[PATCHv2 00/28] huge tmpfs implementation using compound pages

[Date Prev][Date Next][Thread Prev][Thread Next][Date Index][Thread Index]

 



Here is my implementation of huge pages support in tmpfs/shmem. It's more
or less complete. I'm comfortable enough with this to run my workstation.

And it hasn't crashed so far. :)

The main difference with Hugh's approach[1] is that I continue with
compound pages, where Hugh invents new way couple pages: team pages.
I believe THP refcounting rework made team pages unnecessary: compound
page are flexible enough to serve needs of page cache.

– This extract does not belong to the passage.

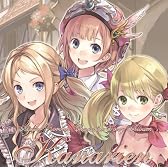 ロロナのアトリエキャラクターソングアルバム ～カナリア～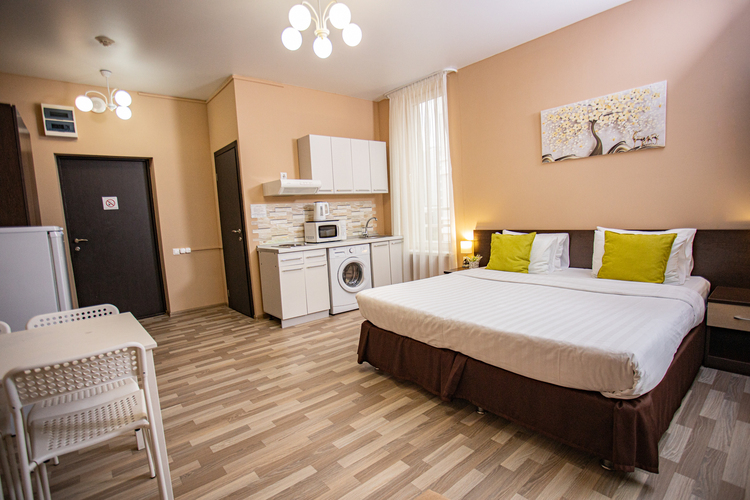 Фотография отеля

Many ideas and some patches were stolen from Hugh's patchset. Having this
patchset around was very helpful.

I will continue with code validation. I would expect mlock require some
more attention.

Please, review and test the code.

Git tree:

git://git.kernel.org/pub/scm/linux/kernel/git/kas/linux.git hugetmpfs/v2

== Patchset overview ==

[01/28]
	I've posted the patch last night. I stepped on the bug during my
	testing of huge tmpfs, but I think DAX has the same problem, so it
	should be applied now.

[02-05/28]
	These patches also where posted separately. They simplify
	split_huge_page() code with speed trade off. I'm not sure if they
	should go upstream, but they make my life easier for now.
	Patches were slightly adjust to handle file pages too.

[06-11/28]
	Rework fault path and rmap to handle file pmd. Unlike DAX with
	vm_ops->pmd_fault, we don't need to ask filesystem twice -- first
	for huge page and then for small. If ->fault happend to return
	huge page and VMA is suitable for mapping it as huge, we would do
	so.

[12-20/28]
	Various preparation of THP core for file pages.

[21-25/28]
	Various preparation of MM core for file pages.

[26-28/28]
	And finally, bring huge pages into tmpfs/shmem.
	Two of three patches came from Hugh's patchset. :)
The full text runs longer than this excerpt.